Material for this exercise ▸
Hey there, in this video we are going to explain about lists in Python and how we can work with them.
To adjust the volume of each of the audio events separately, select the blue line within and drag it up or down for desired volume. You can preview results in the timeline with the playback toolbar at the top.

---

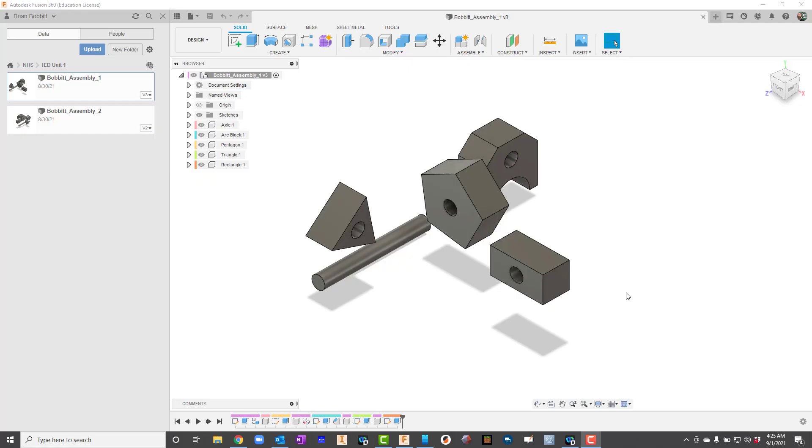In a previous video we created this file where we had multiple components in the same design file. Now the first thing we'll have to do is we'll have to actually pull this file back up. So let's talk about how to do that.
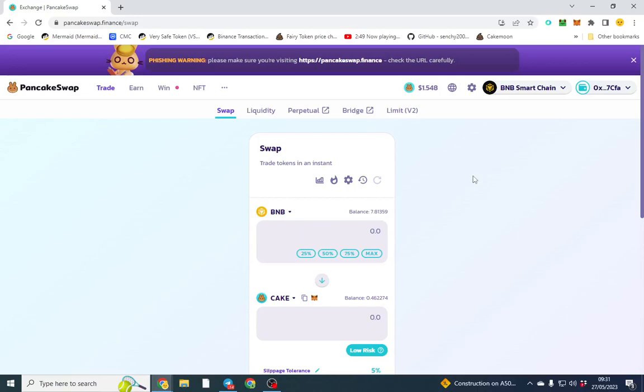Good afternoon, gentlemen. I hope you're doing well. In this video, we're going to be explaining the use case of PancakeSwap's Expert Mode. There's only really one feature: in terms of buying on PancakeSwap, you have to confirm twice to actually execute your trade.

--

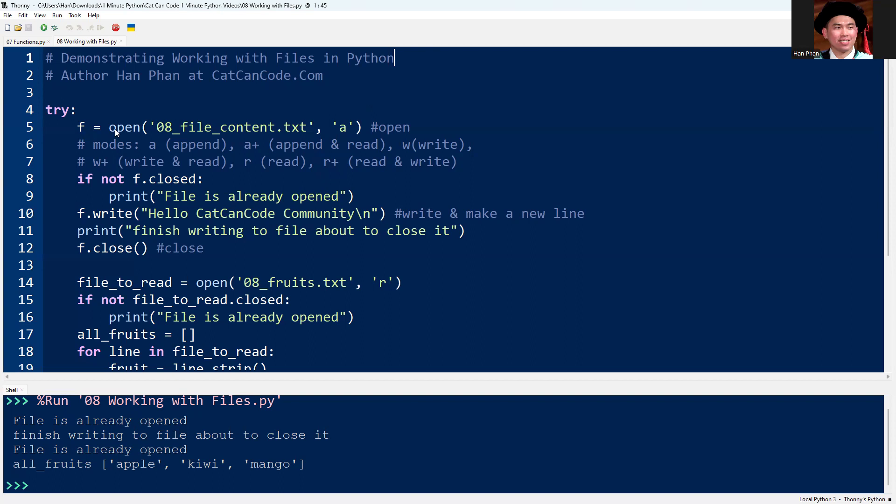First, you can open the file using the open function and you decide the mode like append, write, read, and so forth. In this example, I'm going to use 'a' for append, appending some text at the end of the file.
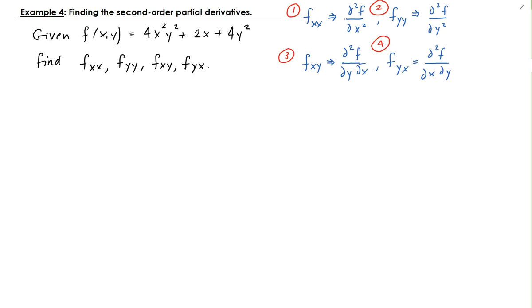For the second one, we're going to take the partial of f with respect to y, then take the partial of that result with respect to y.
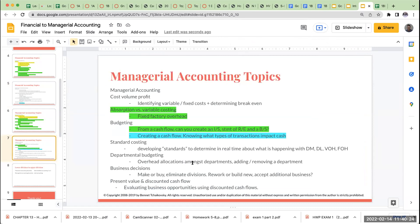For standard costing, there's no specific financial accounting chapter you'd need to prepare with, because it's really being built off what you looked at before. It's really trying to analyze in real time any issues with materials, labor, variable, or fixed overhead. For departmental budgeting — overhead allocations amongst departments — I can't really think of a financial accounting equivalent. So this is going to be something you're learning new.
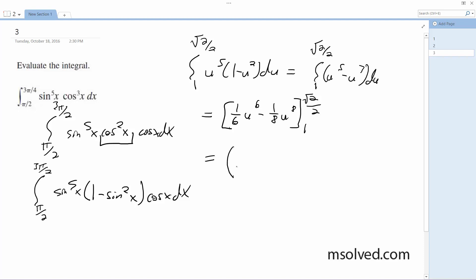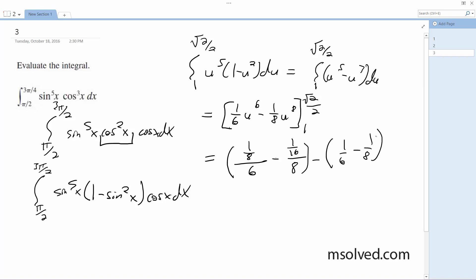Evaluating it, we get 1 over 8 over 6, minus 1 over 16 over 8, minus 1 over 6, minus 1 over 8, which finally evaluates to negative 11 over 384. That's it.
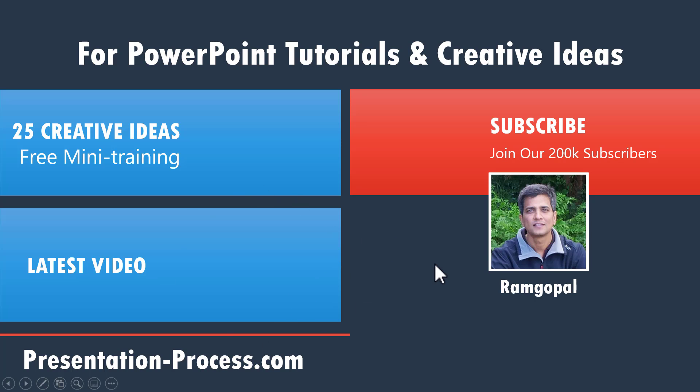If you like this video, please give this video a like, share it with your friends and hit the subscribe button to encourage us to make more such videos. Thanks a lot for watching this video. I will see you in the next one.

What the task asks ▸
Quote word for word only the lines above from the one containing "First, you can" through the one containing "If you like". Pictures stay out of your copy.

Output ▸
First, you can open the file using the open function and you decide the mode like append, write, read, and so forth. In this example, I'm going to use 'a' for append, appending some text at the end of the file.
For the second one, we're going to take the partial of f with respect to y, then take the partial of that result with respect to y.
For standard costing, there's no specific financial accounting chapter you'd need to prepare with, because it's really being built off what you looked at before. It's really trying to analyze in real time any issues with materials, labor, variable, or fixed overhead. For departmental budgeting — overhead allocations amongst departments — I can't really think of a financial accounting equivalent. So this is going to be something you're learning new.
Evaluating it, we get 1 over 8 over 6, minus 1 over 16 over 8, minus 1 over 6, minus 1 over 8, which finally evaluates to negative 11 over 384. That's it.
If you like this video, please give this video a like, share it with your friends and hit the subscribe button to encourage us to make more such videos. Thanks a lot for watching this video. I will see you in the next one.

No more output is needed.